ValorSystem Docs

Research · May 2026

OpenHuman vs Hermes

Two open, self-hosted agent stacks landed in the same window, both claiming persistent memory, tool use, and autonomous skill — and they are not competing for the same problem. Mix them up at the architecture stage and you waste a quarter.

OpenHuman desktop · single user markdown vault Hermes headless · multi-tenant session store × N tenants

Two open stacks, two bets: a transparent Markdown memory tree for one desktop user, versus indexed session stores for a headless multi-tenant fleet.

1 · The two bets

One desk, or twenty platforms

OpenHuman (by tinyhumans) is a desktop app — a Rust core in a Tauri shell with a React front end — for one person's digital life. It pulls from over a hundred OAuth sources on a rolling sync, normalizes everything into provenance-tagged Markdown you can read and edit by hand, chunks and scores it in the background, and folds it into browsable per-source, per-topic, per-day summary trees. Its pitch is explicit: no vector-soup black box. The audit trail is just files on disk, and the backup story is your filesystem.

Hermes (by Nous Research) is the inverse: a headless Python framework you deploy on a cheap VPS or a GPU cluster and pipe through twenty chat platforms from one gateway. Memory is agent-curated — the agent decides what to persist — layered with a separate dialectic service that models each user across sessions, and full-text recall over a session store with lineage preserved across compressions.

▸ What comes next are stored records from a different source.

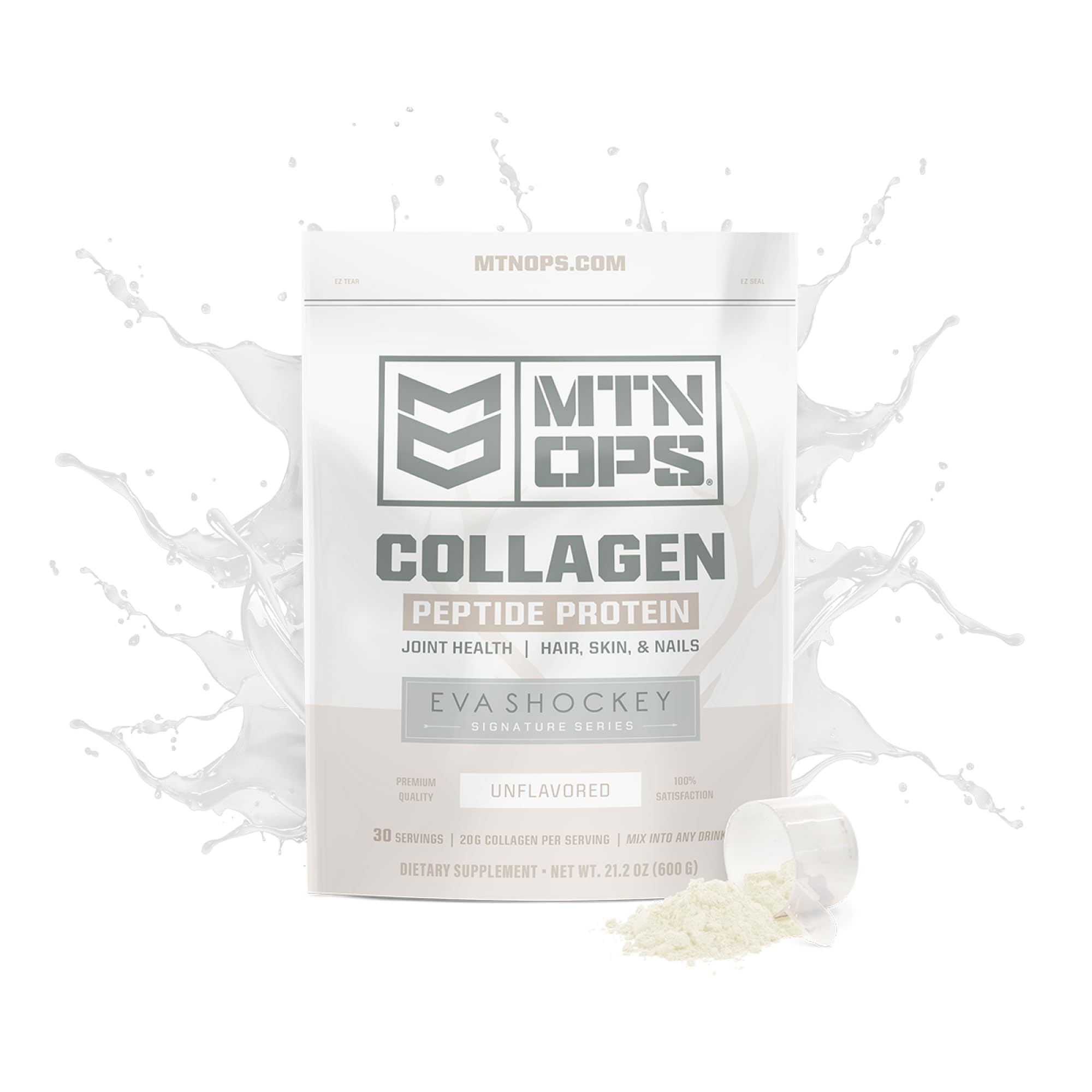 MTN OPS scoop près de la poudre, dosage pratique.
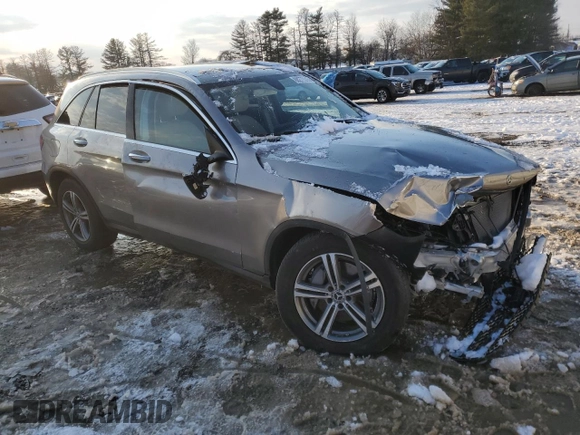 2020 Mercedes-Benz GLC with VIN W1N0G8EB4LF849854, listed as a Copart auction lot 88277315 with 7,224 mi miles and Salvage Title. Bid and sale history available at carsss.com. Image 4.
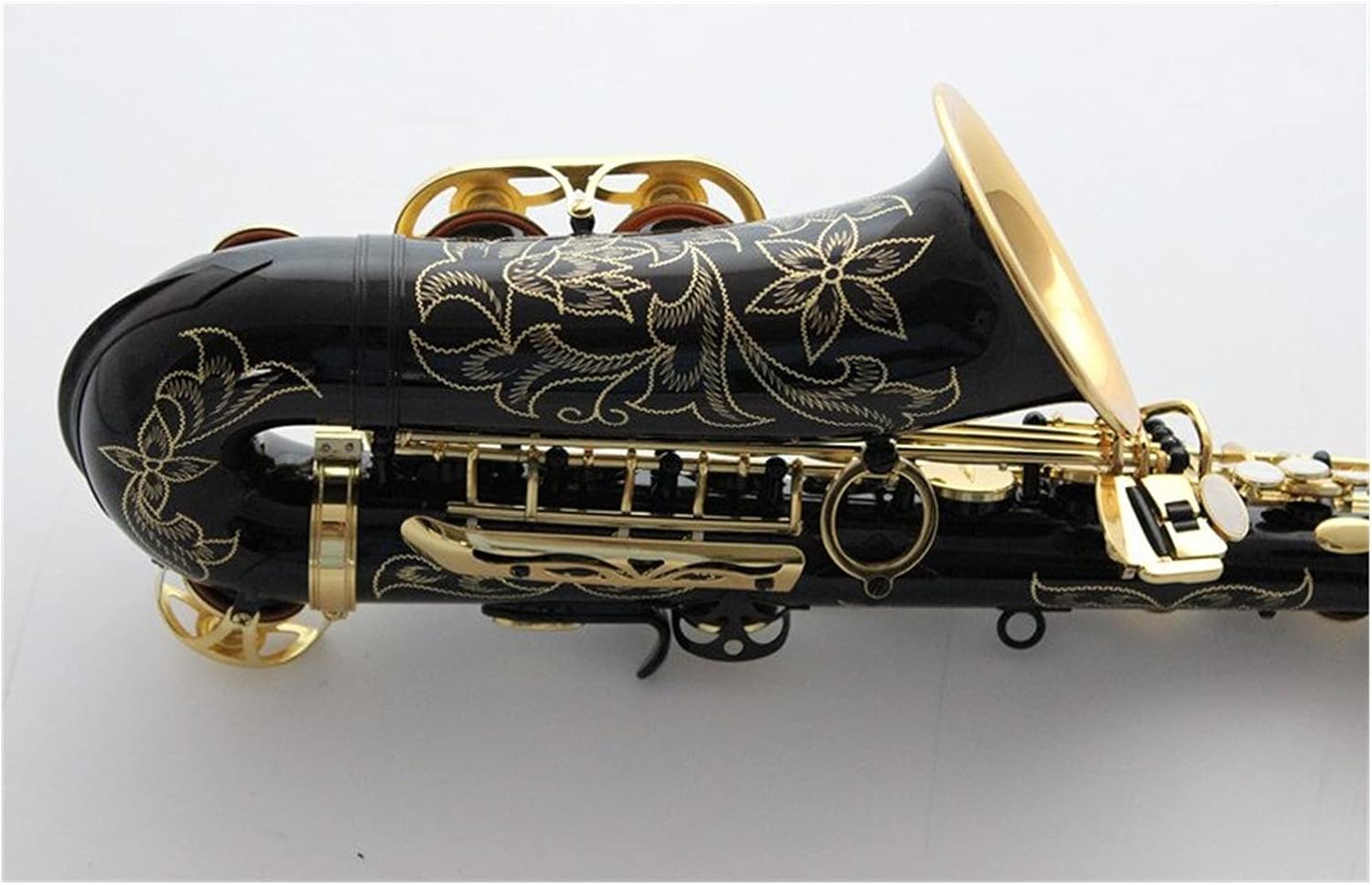 Alto Saxophone Musical Instrument Professional Saxophone Black Gold Gift Mouthpiece Box Student Saxophone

Skills are first-class, self-improving, and shareable, and execution fans out across six interchangeable backends from local shell to Docker to cloud sandboxes.

2 · Side by side

Where the designs diverge

OpenHumanHermes
Form factorDesktop app (Tauri, Rust + React)Headless framework (Python)
Primary surfaceGUI + an Obsidian-compatible vaultCLI + messaging gateway + IDE protocol
MemoryDeterministic ETL into readable Markdown treesAgent-curated records + indexed session store
SandboxingOne process boundary — one operatorSix backends: local, Docker, SSH, cloud sandboxes
Multi-userNo — one human, one installYes — per-platform isolation and authorization
Blast radiusYour laptopA container, a VPS, or nothing

The honest trade-off underneath: OpenHuman bets on transparency over autonomy — the agent is bounded by what you let it see, and you can audit every chunk it reasons over, at the cost of scaling to exactly one user. Hermes bets on autonomy and reach over transparency — skills compound and platforms multiply, at the cost of more moving parts and "what does the agent know" becoming a query rather than a folder.

3 · The lessons

What generalizes past either product

Memory shape follows form factor
A single-user desktop app can afford a Markdown vault. A headless multi-tenant agent needs an indexed session store with lineage across compressions. Neither choice is portable to the other's world.
Sandboxing is a deployment choice
Hermes ships six execution backends because operators need the range; OpenHuman ships one because there is one operator. Isolation follows who runs the thing, not feature checklists.
Self-improving skills are the live experiment
Hermes is betting that shareable, self-improving skills become an ecosystem. Worth watching whether or not you build on it.

The first lesson is why Valor's own memory runs two stores at once: it is simultaneously a single-operator system (which earns it a legible file layer humans read) and an always-on agent consulted at tool-call granularity (which demands an indexed, ranked object store). The comparison's dichotomy, resolved by refusing to pick a side.